Les maisons au long cour

La maison est le plus souvent la marque de l’histoire de la famille. Construite par les parents ou les grands-parents, elle a permis aux générations de se succéder dans un univers que, bien souvent, ils se partageaient.

‘« Ce fut un grand choc pour tout le monde. C’était notre maison bâtie par nos parents, par leur travail. Mon père et ma mère l’ont bâtie. Ils ont acheté le terrain en 1933 et en 1935 la maison était finie. Nous étions à côté de mes grands-parents et c’est pour cela qu’ils se sont établis là (...) Toute la famille a habité là. Mon père est mort en 1946 et je suis restée avec ma mère. Ma mère s’est remariée et moi je me suis mariée. J’ai eu deux enfants et nous habitions tous là » (Antigona)’

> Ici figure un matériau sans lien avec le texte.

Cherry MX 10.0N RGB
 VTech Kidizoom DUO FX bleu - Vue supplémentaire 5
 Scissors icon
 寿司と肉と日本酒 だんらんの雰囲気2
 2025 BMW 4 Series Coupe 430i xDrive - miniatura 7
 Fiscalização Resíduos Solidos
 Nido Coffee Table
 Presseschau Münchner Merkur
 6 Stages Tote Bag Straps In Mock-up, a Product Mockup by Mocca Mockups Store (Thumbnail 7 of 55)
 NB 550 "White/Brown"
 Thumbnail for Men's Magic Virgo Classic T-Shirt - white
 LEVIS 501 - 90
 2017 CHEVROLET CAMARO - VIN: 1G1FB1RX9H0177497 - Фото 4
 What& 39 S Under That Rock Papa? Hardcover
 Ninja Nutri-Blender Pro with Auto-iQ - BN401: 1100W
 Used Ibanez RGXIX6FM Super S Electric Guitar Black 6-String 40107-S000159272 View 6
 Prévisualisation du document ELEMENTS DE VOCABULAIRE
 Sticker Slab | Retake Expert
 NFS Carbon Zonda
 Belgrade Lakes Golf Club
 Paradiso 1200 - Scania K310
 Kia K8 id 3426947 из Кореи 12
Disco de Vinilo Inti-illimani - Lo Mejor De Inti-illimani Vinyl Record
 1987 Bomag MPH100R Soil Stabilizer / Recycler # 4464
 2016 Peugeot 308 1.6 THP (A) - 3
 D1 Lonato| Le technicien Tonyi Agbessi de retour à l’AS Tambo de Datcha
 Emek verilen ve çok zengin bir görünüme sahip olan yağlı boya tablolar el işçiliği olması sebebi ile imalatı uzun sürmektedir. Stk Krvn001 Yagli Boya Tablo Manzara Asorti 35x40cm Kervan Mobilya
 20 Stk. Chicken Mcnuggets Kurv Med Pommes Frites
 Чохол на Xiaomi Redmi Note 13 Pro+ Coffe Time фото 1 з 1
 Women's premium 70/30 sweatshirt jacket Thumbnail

En Roumanie, l’unité familiale est entendue de manière élargie, les grands-parents, les parents et les enfants vivent souvent sous le même toit. Cette organisation collective s’intitule la maisnie : ‘« La maisnie comprend le groupe domestique (qui chez les Roumains est composé d’un ménage et des enfants, parfois aussi des vieux parents du mari), la cour avec la maison et les alternances, la propriété agricole (...) Ainsi si les départements se composent de villages, les villages se composent à leur tour de maisnies et non pas d’individus ou de familles’ »230. Bien que cette appellation est utilisée pour expliquer l’organisation des villages roumains, il n’en demeure pas moins, qu’en milieu urbain et si les conditions le permettent, l’organisation familiale est en plusieurs points similaire. Mais ici ce ne sont pas les fruits de la production agricole mais les revenus issus du travail qui sont mis en commun.

‘« Elle avait été construite par mes anciens grands-parents en 1890 et quelques. C’était une grande maison avec une grande cour. Elle a abrité trois générations de ma famille. A l’époque de la génération de ma grand-mère, c’était une grande famille. Ils étaient dix frères et soeurs très unis, alors cet endroit là était la maison construite par le coeur de la famille. Pour les mariages, c’était l’endroit où tout le monde avait l’habitude de se réunir » (Ioana).’

La maison est tout à la fois le cadre d’un temps familial synchronique lorsque plusieurs générations se partagent le même toit, mais elle est aussi la marque d’une histoire familiale diachronique en tant qu’élément du patrimoine familial qui se transmet de génération en génération :

‘« C’était la maison de mes parents. Ils l’on faite bâtir en 1940 dans un style cubiste, moderne. Mon père est mort, puis ma mère et moi j’ai gardé la maison. J’ai d’abord voulu la vendre mais je n’ai pas réussi. Alors je me suis dit que j’allais l’arranger. J’ai dépensé presque un demi million de lei pour la rénover. La maison était très moderne, très élégante et très bien bâtie » (Alina).’

On comprend mieux dans cette situation ce que peut représenter la perte de la maison. En premier lieu la valeur affective, cette maison qui témoigne de la stabilité d’une organisation familiale et des conditions de sa réunion. Détruire, la maison c’est en quelque sorte détruire la maisnie, unité minimale d’organisation collective et cadre référentiel en Roumanie. Mais le processus de relogement ne prévoyait pas le déplacement ou la reconstitution de l’organisation dans un autre logement puisque les propositions de relogement ne prenaient en compte qu’une unité familiale restreinte composée des parents et des enfants à leur charge. Ceci constituait un problème d’ordre pratique puisque pour les démolis d’une même maison, il fallait essayer de se procurer deux, voire trois logements distincts.

‘« Nous, nous avions déménagés chez une tante, mais ma mère devait recevoir une garçonnière. On nous a proposé dans le quartier de Ferantar qui est un quartier misérable. J’avais l’occasion de connaître des chefs et ma mère a obtenu une garçonnière à Trumul Taberi. Ma mère aujourd’hui habite de nouveau avec nous » (Mr S.).’

Mais cela constituait plus un problème anthropologique car le nouveau système, de par ses contraintes, interdisait à la structure familiale de perdurer au-delà de la destruction. Le principe idéologique de création de « l’homme nouveau » se donne à voir ici dans sa mise en oeuvre réelle et quotidienne au détour d’un déménagement qui bien plus que le simple traumatisme qu’il provoque, signifie des transformations fondamentales dans le mode d’organisation de la société roumaine.

Notes
230.

Stahl P.H., « L’organisation magique du territoire villageois roumain » in L’homme, t.XIII, n°3, 1973, pp 150-162.